One input port on the left, one output port on the right. Actions are always one-in, one-out: they don't branch the strategy, they just transform it.

4 · Decision

A Decision asks a yes-or-no question about the current state of the strategy and routes accordingly. "Are we covering more than 12 numbers right now?" If yes, go this way. If no, go that way. Decisions are how strategies become genuinely adaptive.

A purple-accented Decision card on the dark dot-grid canvas. The header shows a purple dot and the label 'DECISION.' The body asks 'At Session High?' On the right side, separated by a dashed vertical divider, two output ports stack: 'Yes' on top and 'No' below. A single input port sits on the left edge. The card has a gold outline showing it's selected.
A Decision node.

Inspector fields

Like Actions, Decisions have a kind. There are eight:

Each kind has its own little set of parameters. Full details on the Decisions and Flow page.

Ports

One input port on the left, two output ports on the right: Yes and No. You can't add or remove ports; condition Decisions are always two-way splits.

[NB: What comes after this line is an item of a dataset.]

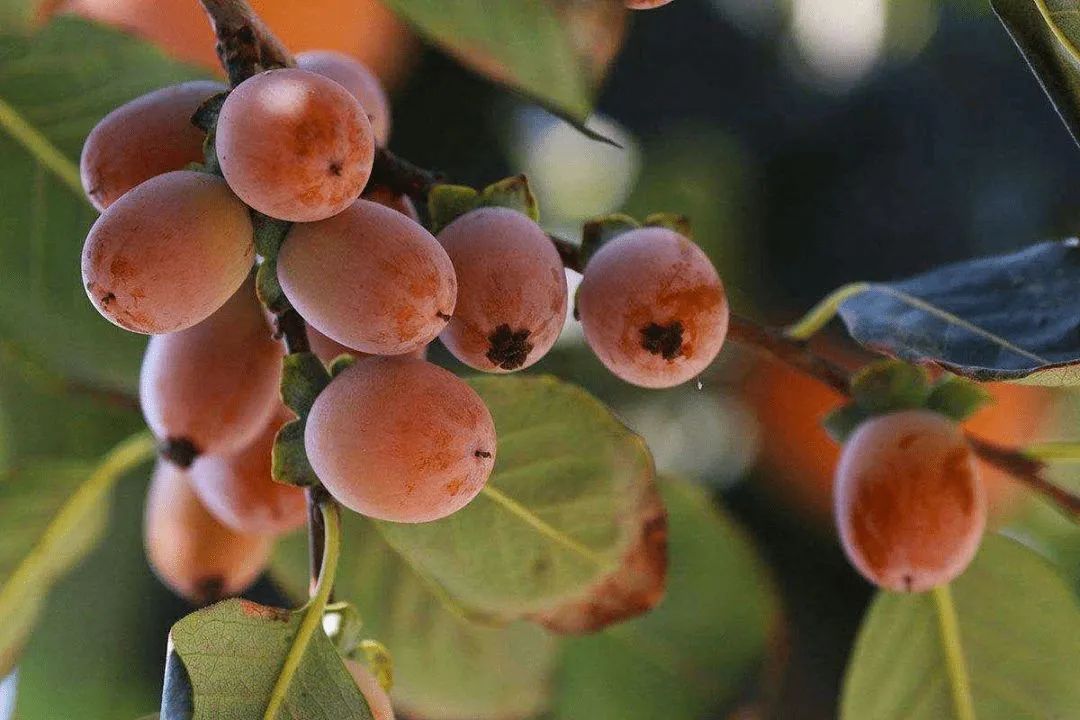 农村常见野生植物你都认识吗,农村常见植物野果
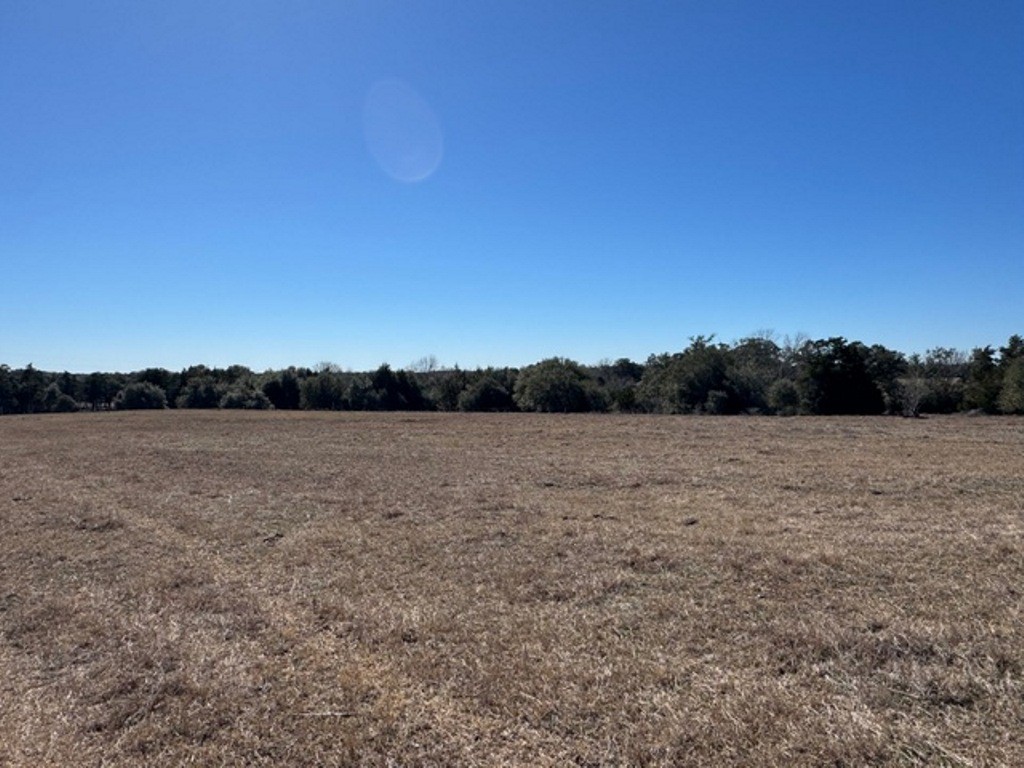Tbd Wolters And Kainer Road Property Photo 22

The Router kind is the exception: it has a single output port, and you draw multiple outgoing connections from that one port. At runtime it picks one of those connections per visit. See the Decisions and Flow page for the full rules.

5 · End

End nodes are exits. When execution reaches an End, that session is over.

A red-accented End card on the dark dot-grid canvas. The header shows a red dot and the label 'END.' The body simply reads 'End.' A single input port sits on the left edge; no output ports. The card has a gold outline showing it's selected.
An End node.

Inspector fields

None. End nodes don't have any settings; they just exist to be a destination.

Ports

One input port on the left, no outputs. (Outputs would be meaningless: the session has ended.)

How many End nodes?

You can have as many as you want. A strategy might have one End for "hit the profit target," another for "max spins reached," and another for "an unusual condition fired." They're all valid endings; the strategy just routes to whichever one applies. Most strategies have one or two.

Putting it together

The five node types form a flow:

  1. Start sets up the session.
  2. Execution flows along connections to a Step.
  3. The Step places its wagers, the wheel spins, the result is computed, and execution leaves through whichever output port matches the outcome.
  4. From there, execution may pass through one or more Action or Decision nodes (these don't spin the wheel, they just transform or branch) before arriving at the next Step.
  5. That Step spins again.
  6. Eventually the flow reaches an End, or you hit max spins, or your bankroll hits zero, and the session is over.